DATASET ENTRIES ▸
———

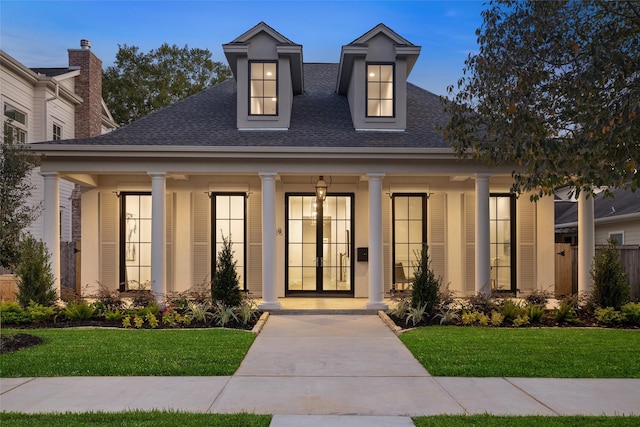 711 E 12th St, Houston, TX 77008 - view of front of house featuring a shingled roof, a front yard, and a porch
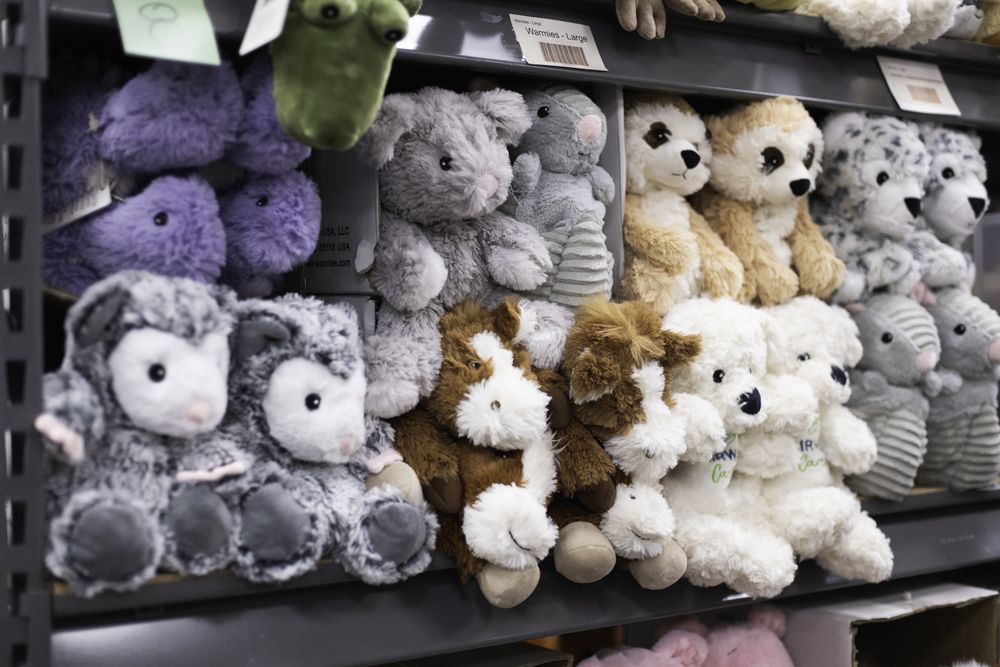 Rows of soft Warmies plush animals, some wearing tiny Fairway Cares shirts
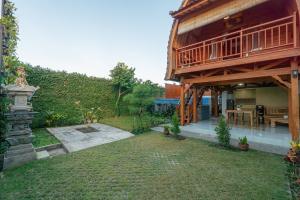 a house with a yard with a patio at Villa Darma Ubud by Bali Cabin in Ubud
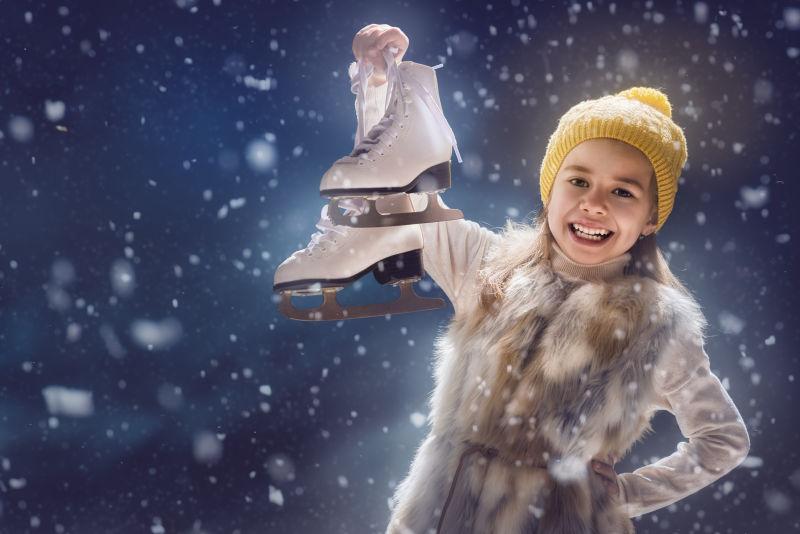 雪天手里拿着溜冰鞋的小女孩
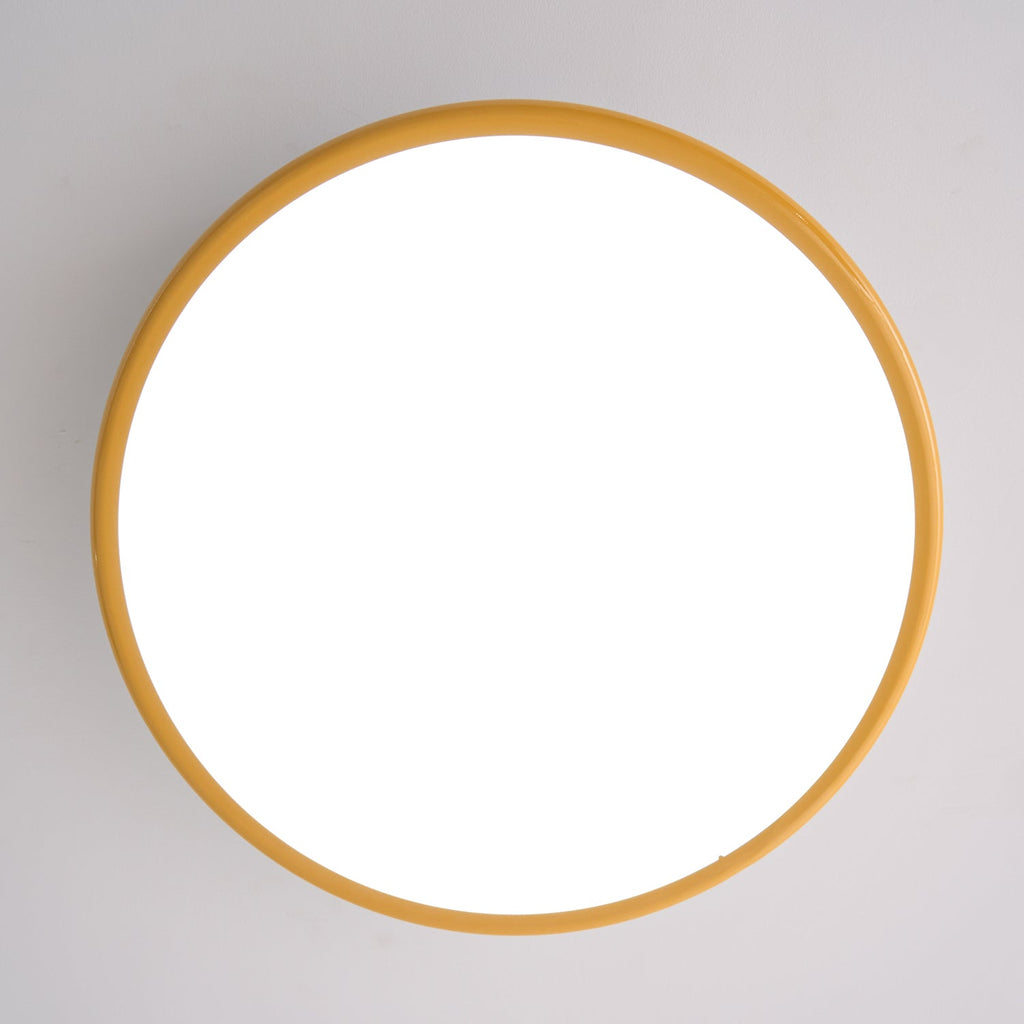 Straight-on view of this Clérachic ceiling light switched on, its diffuser fully lit inside a thin golden-yellow ring.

———

Here the lines from the one with "a house with" through the last line of the data above need to be repeated exactly, both included, and any picture omitted.

EXERCISE RESULT ▸
 a house with a yard with a patio at Villa Darma Ubud by Bali Cabin in Ubud
 雪天手里拿着溜冰鞋的小女孩
 Straight-on view of this Clérachic ceiling light switched on, its diffuser fully lit inside a thin golden-yellow ring.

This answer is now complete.